Modern kids and their modern engagements

Yesterday’s For Better or For Worse annoyed me. Not because it’s really offensive or something like that; it’s just sort of vapidly stupid.

© Lynn Johnston, April 15 2008 http://www.gocomics.com/forbetterorforworse/2008/04/15/

Elizabeth and Anthony haven’t declared a date yet? What modern fiddle-faddle! These young people with their indefinite declarations of commitment — bah!

Uh, how old are you, neighbor lady? Thirty-ish years ago when you got married, there were plenty of engaged people who didn’t finalize their wedding plans the instant a ring went on their finger. Back a hundred years ago, “engaged” was not synonymous with “our invitation is in the mail, please save the date”. There has always been a great deal of leeway given to an engaged couple, because people’s circumstances (both financial and emotional) vary widely and it’s not always feasible to declare definite milestones. It’s not like they’re going to forget to get married, especially with you asking every day, “So when’s the big day?”
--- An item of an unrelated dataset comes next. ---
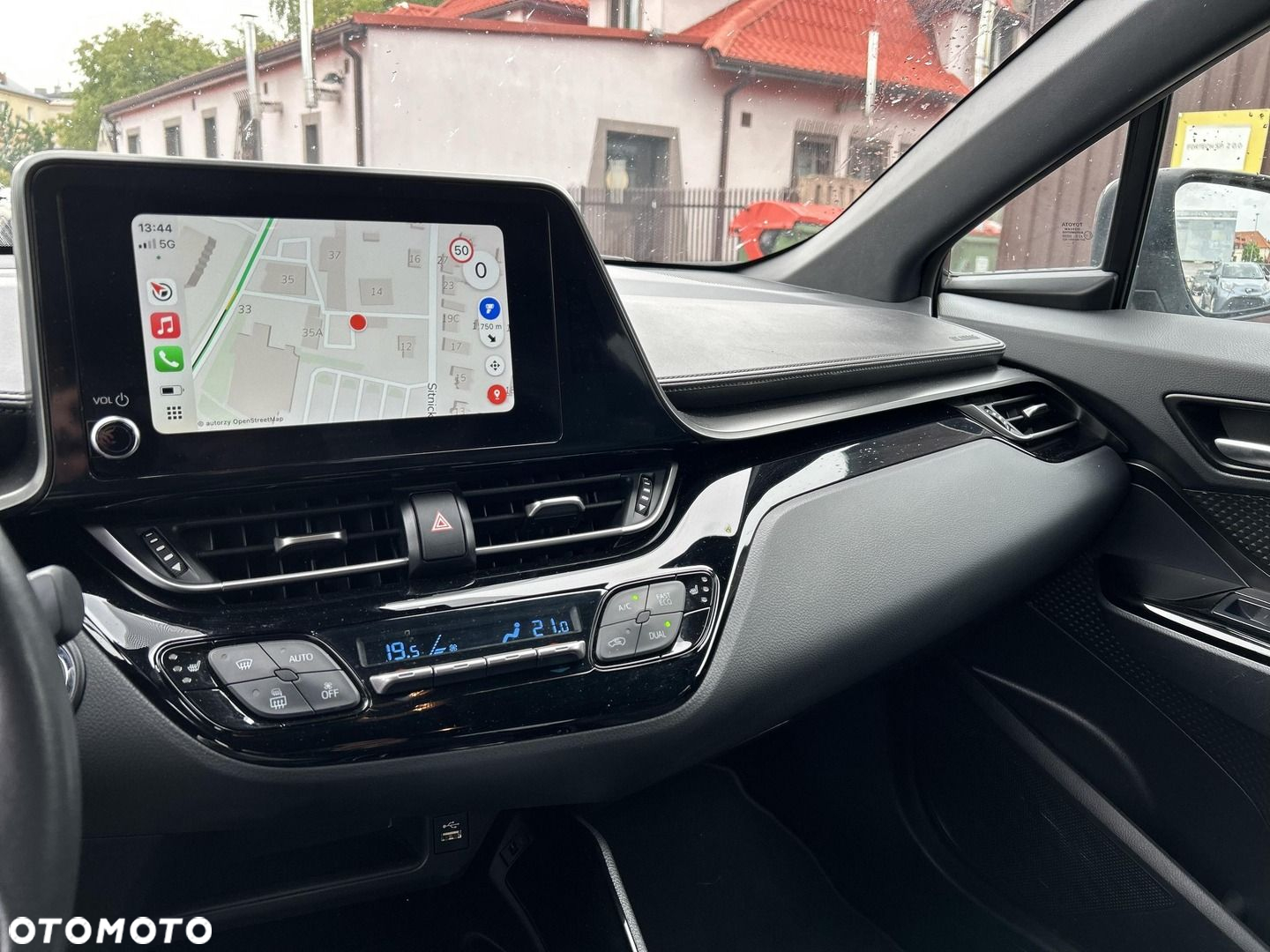 Toyota C-HR - 19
Maybe in 8,000,000 B.C.E., Caveboy and Cavegirl went to their respective caveparents, announced their engagement, showed off the engagement rock (literally, of course, a rock), and informed them the date was already set. I mean, according to Clan of the Cave Bear, everyone just shacked up and had lots of sex whenever they felt like it, but since Clan of the Cave Bear is a terrible book, I’m pretty sure that our hypothetical cavecouple would have done The Right Thing and scheduled their caveceremony promptly.